6. The computer-implemented method of claim 1, comprising transforming the data into a canonical format.

7. The computer-implemented method of claim 1, comprising obtaining electronic health record data relevant to the primary disease in a structure ready for machine learning.

8. The computer-implemented method of claim 1, wherein the machine learning comprises using a latent variable model such as a matrix or tensor factorisation algorithm to operate on:

a first matrix representing a mapping of individuals to latent variables; and

a second matrix representing a mapping of features of the individuals to latent variables; wherein the features of the individuals comprise diseases.

9. The computer-implemented method of claim 1, wherein the machine learning comprises using an autoencoder or a variational autoencoder.

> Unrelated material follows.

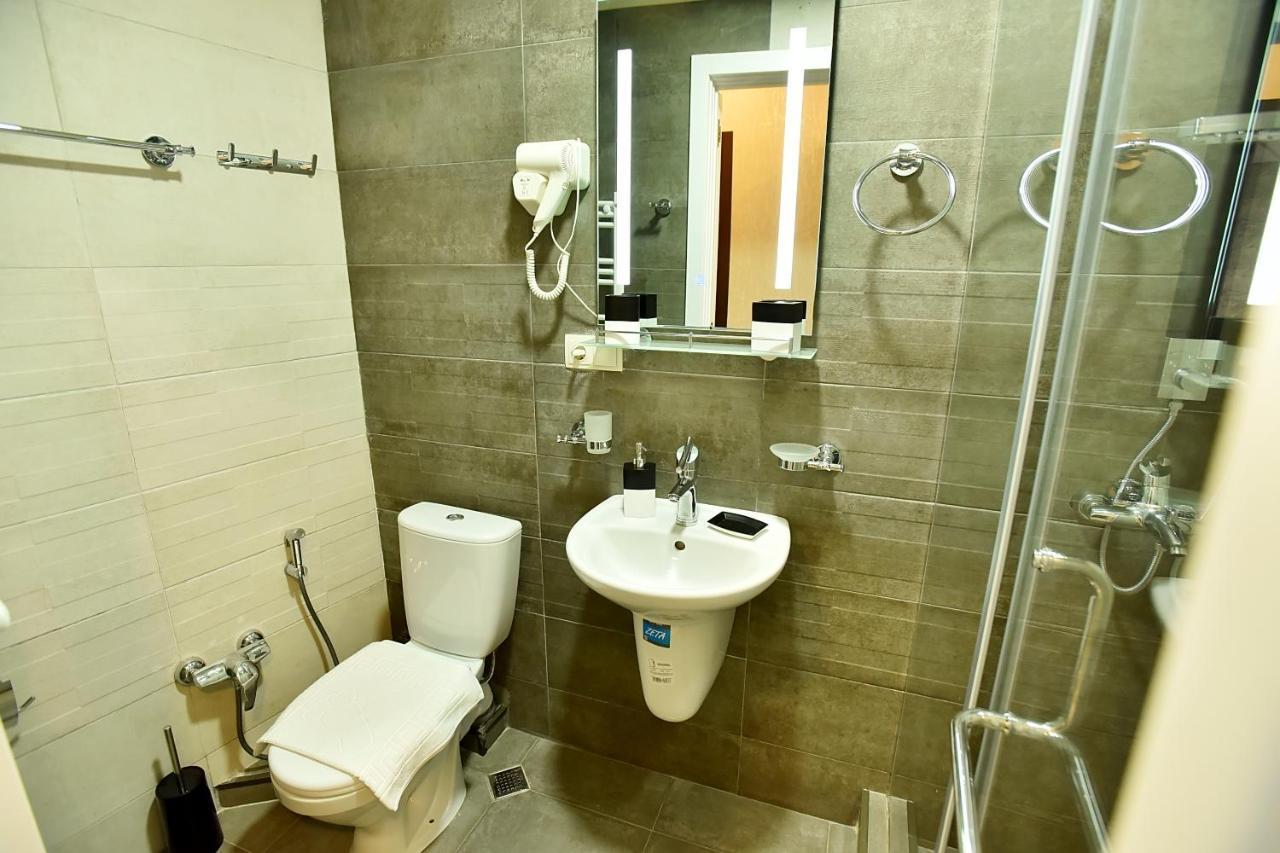 Family Hotel Vere Tower Tiflis Exterior foto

10. The computer-implemented method of claim 1, wherein interpreting the latent variables comprises one or both of:

performing enrichment analysis; and

applying a sparsification technique.

11. The computer-implemented method of claim 1, comprising using the interpretation of the latent variables to identify endotypes of the primary disease.

12. The computer-implemented method of claim 1, comprising interpreting the latent variables to identify one or more secondary diseases and identifying one or more of the latent variables that represent a particular secondary disease.

13. The computer-implemented method of claim 12, comprising generating a comorbidity enrichment table using a comorbidity classification system.

14. The computer-implemented method of claim 12, wherein interpreting the latent variables comprises computing association scores between diseases represented by the latent variables.

15. The computer-implemented method of claim 12, comprising identifying endotypes of the primary disease using comorbidities the latent variables represent.

16. The computer-implemented method of claim 1, comprising associating the latent variables with targets such as genes, proteins or intermediate products such as RNA using omics or genetic data.

17. The computer-implemented method of claim 1, wherein one or more of the latent variables is associated with:

the target, or

an entity that is functionally related to the target via upstream or downstream regulation, one or more quantitative trait loci, or one or more other gene or protein interactions.

18. The computer-implemented method of claim 1, wherein the target is associated with the primary disease and with a secondary disease.

19. The computer-implemented method of claim 1, comprising using feedback from machine learning and/or from interpreting the latent variables to assist in ranking disease-specific machine learning model hyperparameters based on their performance.

20. A system for identifying a target for treatment of a primary disease, the system comprising:

an input module configured to receive data for studying the primary disease, the data relating to individuals of a cohort;

an encoder configured to use machine learning to encode the data as latent variables;

an interpretation module configured to interpret the latent variables to stratify the individuals of the cohort into endotypes of the primary disease; and

a target identification module configured to identify a target that is associated with one of the endotypes.